• _Exercise data_:
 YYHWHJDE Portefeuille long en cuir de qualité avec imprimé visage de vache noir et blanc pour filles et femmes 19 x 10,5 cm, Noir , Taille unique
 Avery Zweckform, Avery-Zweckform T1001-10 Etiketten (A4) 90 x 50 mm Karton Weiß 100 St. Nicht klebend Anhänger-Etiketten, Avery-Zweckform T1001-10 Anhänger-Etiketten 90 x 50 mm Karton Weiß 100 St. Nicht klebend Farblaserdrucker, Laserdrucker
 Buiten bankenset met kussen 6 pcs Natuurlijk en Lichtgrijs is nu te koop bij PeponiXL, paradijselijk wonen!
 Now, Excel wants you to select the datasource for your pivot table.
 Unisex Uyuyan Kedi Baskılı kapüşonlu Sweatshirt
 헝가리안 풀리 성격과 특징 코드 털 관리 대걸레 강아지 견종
==
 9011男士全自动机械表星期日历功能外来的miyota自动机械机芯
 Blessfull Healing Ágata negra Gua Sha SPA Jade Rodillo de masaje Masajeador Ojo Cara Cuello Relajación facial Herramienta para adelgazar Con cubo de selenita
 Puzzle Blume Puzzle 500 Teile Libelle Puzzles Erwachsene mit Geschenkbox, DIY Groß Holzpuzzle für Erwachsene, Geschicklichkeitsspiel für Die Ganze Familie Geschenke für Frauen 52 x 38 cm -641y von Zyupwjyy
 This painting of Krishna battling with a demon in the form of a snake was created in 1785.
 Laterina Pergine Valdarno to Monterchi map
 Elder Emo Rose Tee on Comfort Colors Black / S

• _Brief_:
Above are the records; copy exactly the lines from the line with "Unisex Uyuyan Kedi" through the line with "헝가리안 풀리 성격과 특징 코드 털 관리 대걸레 강아지 견종", both included.

• _Response_:
 Unisex Uyuyan Kedi Baskılı kapüşonlu Sweatshirt
 헝가리안 풀리 성격과 특징 코드 털 관리 대걸레 강아지 견종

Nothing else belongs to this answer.